Credit Decision Making: The Role of Predictive Models and Regulations in Consumer Credit Risk Management.

8 min readSep 19, 2023

Imagine you are a consumer who wants to buy a house. You apply for a loan from a bank, but the decision of whether or not to grant you the loan is not up to a human loan officer. Instead, it is up to a complex mathematical model called a credit risk model.

Credit risk models are used by banks and other financial institutions to assess the likelihood that a borrower will repay a loan. The models are based on a variety of data, including the borrower’s credit history, income, and employment status. The models help banks make informed lending decisions. By using these models, banks can reduce the risk of default and protect their profits.

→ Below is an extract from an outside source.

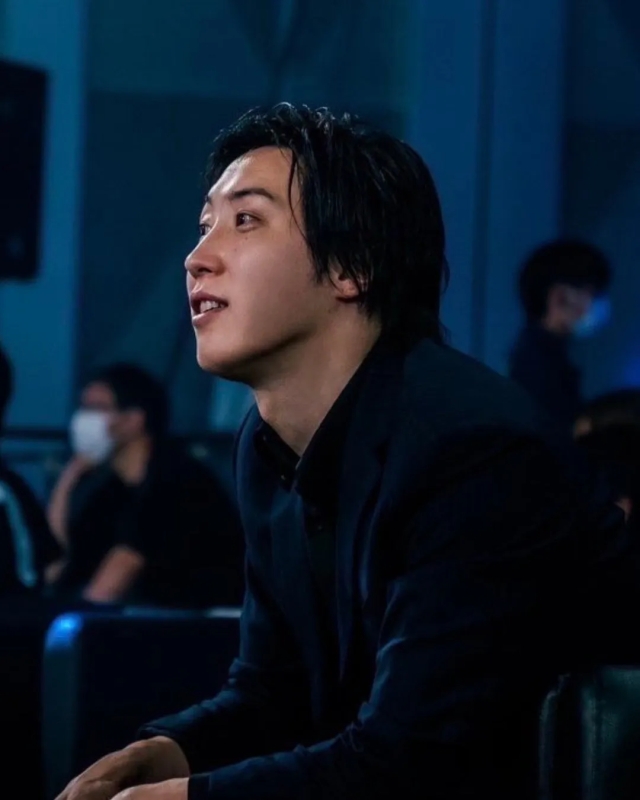 黒いスーツを着た男性のポートレート。彼はカメラから外れて見上げており、他の人が背景にいます。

This makes Credit risk modeling a vital part of consumer lending. It helps lenders make informed decisions about whether or not to grant loans to borrowers. In the past, credit risk modeling was based on a mix of expert knowledge and traditional statistical models. However, in recent years, machine learning algorithms like XGBoost have revolutionized the field.

Background: Consumer Loans and How Lenders Make Decisions

When a consumer asks for a loan, the credit institution have to make a decision on whether or not to grant it. Depending on the case, the amount of automation in the process may vary. However, it is very likely that the decision will be informed by scores that estimate the probability that the loan will or will not be repaid as expected.

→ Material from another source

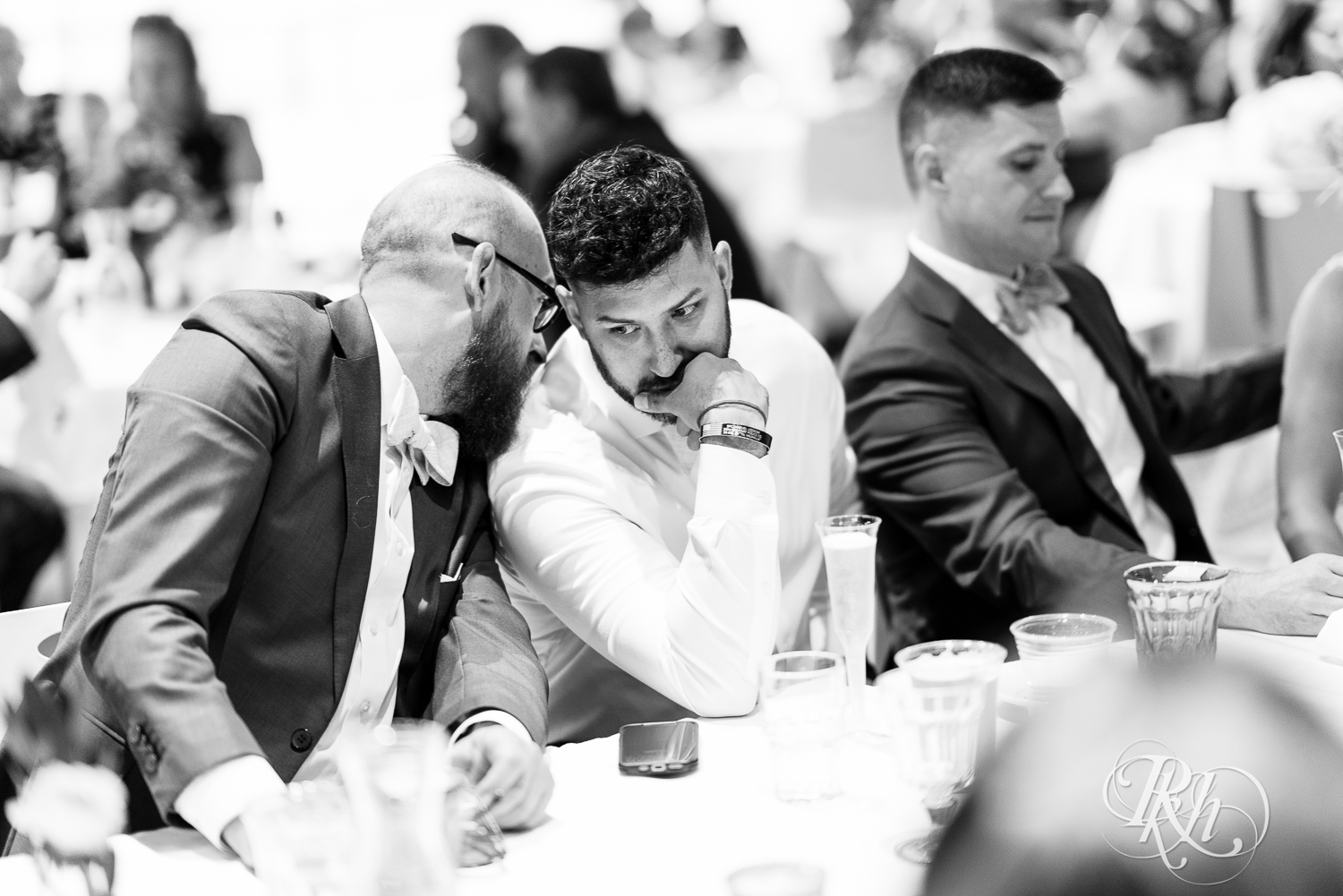 Groomsmen converse during wedding reception at head table at Saint Paul Event Center in Saint Paul, Minnesota.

Scores are routinely used at different stages of the process:

Prescreening: At the prescreen stage, a score computed with a small number of features allows the institution to quickly discard some applications.
Underwriting: At the underwriting stage, a score computed with all the required information gives a more precise basis for the decision.
Portfolio Risk Assessment: After the underwriting stage, scores can be used to assess the risk associated with loans in the portfolio.

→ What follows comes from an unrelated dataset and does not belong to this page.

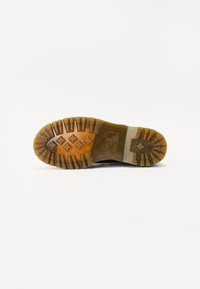 Semelle en caoutchouc noire avec des profondeurs d'empreintes, présentant une surface texturée et un bord beige. Comprend un motif en forme d'étoile au centre.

Analytics methods have been used for decades to compute these probabilities. For example, the FICO score has been used since 1995 in the United States. Given the direct impact they have on the institutions’ revenues and on customers’ lives, these predictive models have always been under great scrutiny. Consequently, processes, methods, and skills have been formalized into a highly regulated environment to ensure the sustainable performance of models.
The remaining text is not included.